TASK DIRECTIONS » Transcribe only what runs from the line containing "Thumbnail: 2018 BMW 7 Series - 7" through the final line below, exactly, and leave every picture out.

DATA »
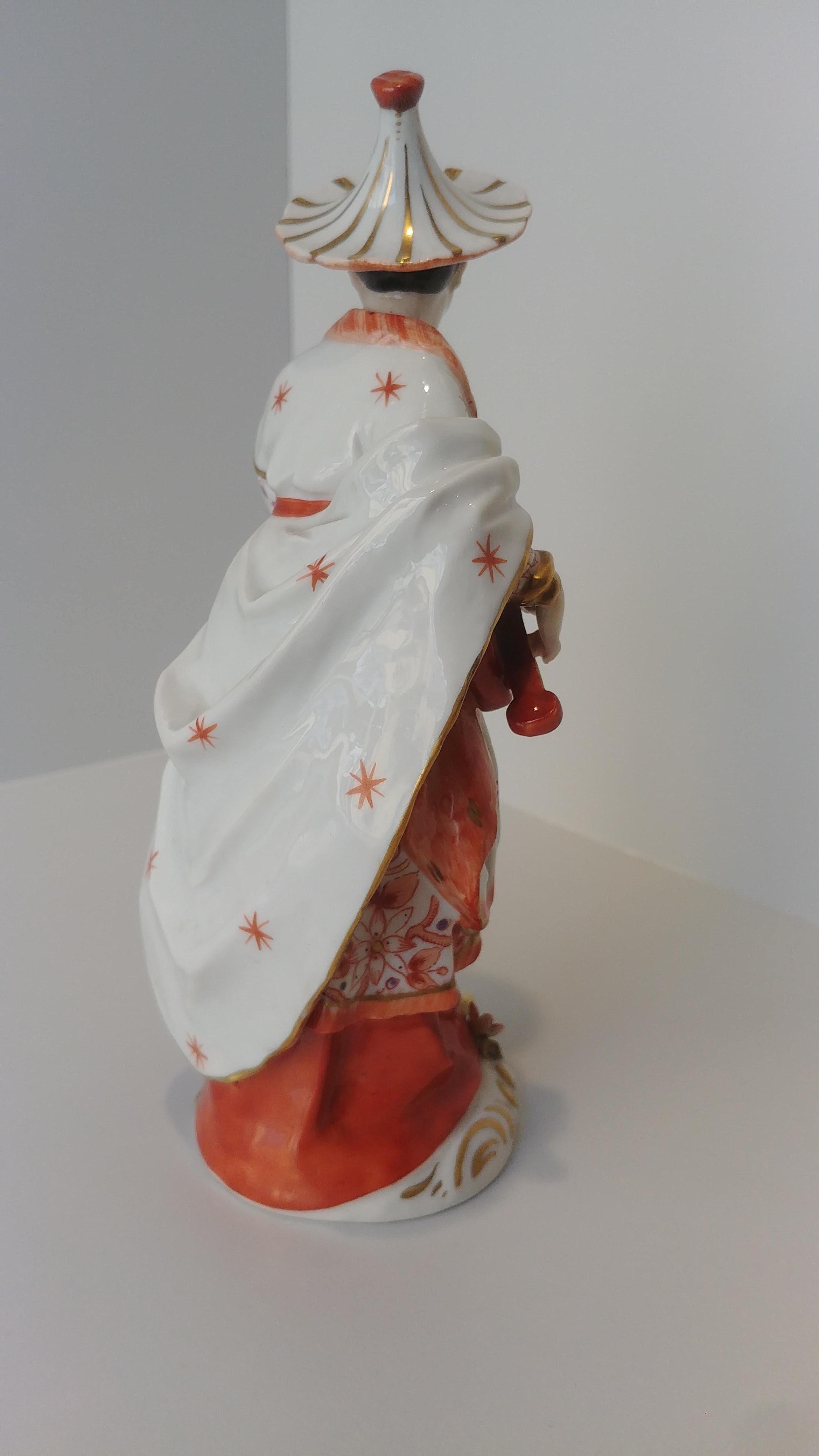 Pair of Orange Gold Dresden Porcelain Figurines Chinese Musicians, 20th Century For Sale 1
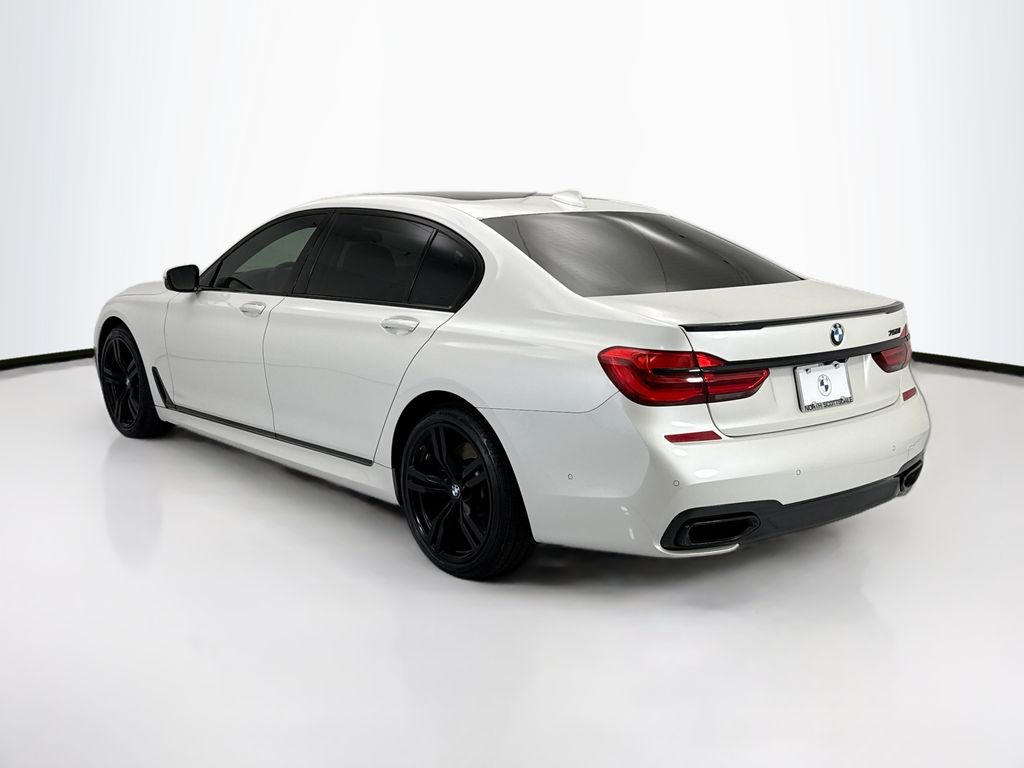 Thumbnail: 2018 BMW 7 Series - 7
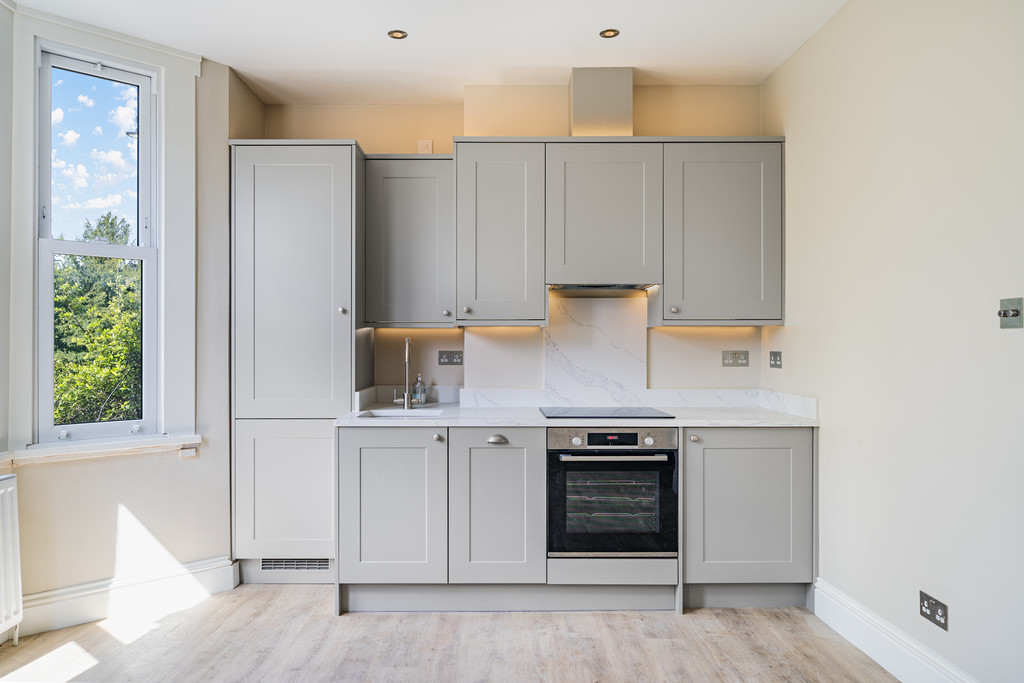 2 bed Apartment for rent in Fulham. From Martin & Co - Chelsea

SOLUTION FOR THIS EXERCISE »
 Thumbnail: 2018 BMW 7 Series - 7
 2 bed Apartment for rent in Fulham. From Martin & Co - Chelsea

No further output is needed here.